Excel BI - PowerQuery Challenge 286

excel-challenges
power-query
Split the amount on the basis of number of animals and / or food. If there are more than one food, then same number of entries would appear in Amount column also.
Published

March 24, 2026

Illustration for Excel BI - PowerQuery Challenge 286

Challenge Description

Split the amount on the basis of number of animals and / or food.
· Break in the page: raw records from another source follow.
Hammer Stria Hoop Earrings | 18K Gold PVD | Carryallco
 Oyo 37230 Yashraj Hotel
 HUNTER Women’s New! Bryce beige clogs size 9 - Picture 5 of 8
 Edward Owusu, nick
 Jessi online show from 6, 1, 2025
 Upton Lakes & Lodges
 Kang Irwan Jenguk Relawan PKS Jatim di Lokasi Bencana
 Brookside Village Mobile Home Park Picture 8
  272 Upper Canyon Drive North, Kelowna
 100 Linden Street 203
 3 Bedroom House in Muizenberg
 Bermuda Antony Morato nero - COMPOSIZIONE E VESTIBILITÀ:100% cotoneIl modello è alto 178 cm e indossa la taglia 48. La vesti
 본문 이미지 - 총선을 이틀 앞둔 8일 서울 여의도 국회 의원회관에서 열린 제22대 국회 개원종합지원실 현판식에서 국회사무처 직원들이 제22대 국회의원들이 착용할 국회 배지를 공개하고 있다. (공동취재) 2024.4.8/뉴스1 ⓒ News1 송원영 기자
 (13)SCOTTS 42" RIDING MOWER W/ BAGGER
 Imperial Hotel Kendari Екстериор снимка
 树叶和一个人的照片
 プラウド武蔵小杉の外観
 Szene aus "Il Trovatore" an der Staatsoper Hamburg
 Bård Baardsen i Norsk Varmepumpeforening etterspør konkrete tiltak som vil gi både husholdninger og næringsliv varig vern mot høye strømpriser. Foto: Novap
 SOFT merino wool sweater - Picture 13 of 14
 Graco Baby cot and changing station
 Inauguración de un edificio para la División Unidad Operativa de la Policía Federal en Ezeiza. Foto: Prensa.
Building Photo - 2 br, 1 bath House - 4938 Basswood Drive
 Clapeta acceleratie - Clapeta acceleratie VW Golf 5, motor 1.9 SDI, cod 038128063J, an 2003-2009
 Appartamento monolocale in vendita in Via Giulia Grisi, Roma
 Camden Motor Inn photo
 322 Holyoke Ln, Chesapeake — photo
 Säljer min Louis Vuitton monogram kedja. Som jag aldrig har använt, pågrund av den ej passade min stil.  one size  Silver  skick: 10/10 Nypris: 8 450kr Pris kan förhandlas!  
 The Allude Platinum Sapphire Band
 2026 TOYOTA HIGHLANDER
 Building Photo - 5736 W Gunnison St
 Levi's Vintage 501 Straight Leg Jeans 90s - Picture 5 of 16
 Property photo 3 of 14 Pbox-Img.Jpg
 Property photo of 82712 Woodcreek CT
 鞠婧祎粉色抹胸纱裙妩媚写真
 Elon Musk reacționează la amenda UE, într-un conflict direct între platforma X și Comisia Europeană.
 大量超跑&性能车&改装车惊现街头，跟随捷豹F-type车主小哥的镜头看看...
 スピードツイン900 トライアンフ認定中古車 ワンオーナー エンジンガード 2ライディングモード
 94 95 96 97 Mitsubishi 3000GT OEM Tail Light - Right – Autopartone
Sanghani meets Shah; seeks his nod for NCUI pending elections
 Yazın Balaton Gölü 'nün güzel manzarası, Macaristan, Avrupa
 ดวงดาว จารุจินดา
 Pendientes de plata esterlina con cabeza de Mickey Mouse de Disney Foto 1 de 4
If there are more than one food, then same number of entries would appear in Amount column also.

Solutions

library(tidyverse)
library(readxl)

path = "Power Query/200-299/286/PQ_Challenge_286.xlsx"
input = read_excel(path, range = "A1:C6")
test = read_excel(path, range = "F1:H13")

result = input %>%
  mutate(rn = row_number()) %>%
  separate_rows(1:3, sep = ", ") %>%
  group_by(rn, Food) %>%
  mutate(
    Amount = ifelse(
      n_distinct(Animals) > n_distinct(Food) & n_distinct(Amount) == 1,
      as.numeric(Amount) / n_distinct(Animals),
      as.numeric(Amount)
    )
  ) %>%
  ungroup() %>%
  select(Animal = Animals, Food, Amount)

all.equal(result, test, check.attributes = FALSE)
# TRUE

  • Logic:

    • Reads the workbook range needed for the challenge

    • Aggregates or ranks values at the relevant grouping level

    • Builds helper columns that drive the final output

  • Strengths:

    • The R solution stays close to the workbook logic and keeps the transformation compact.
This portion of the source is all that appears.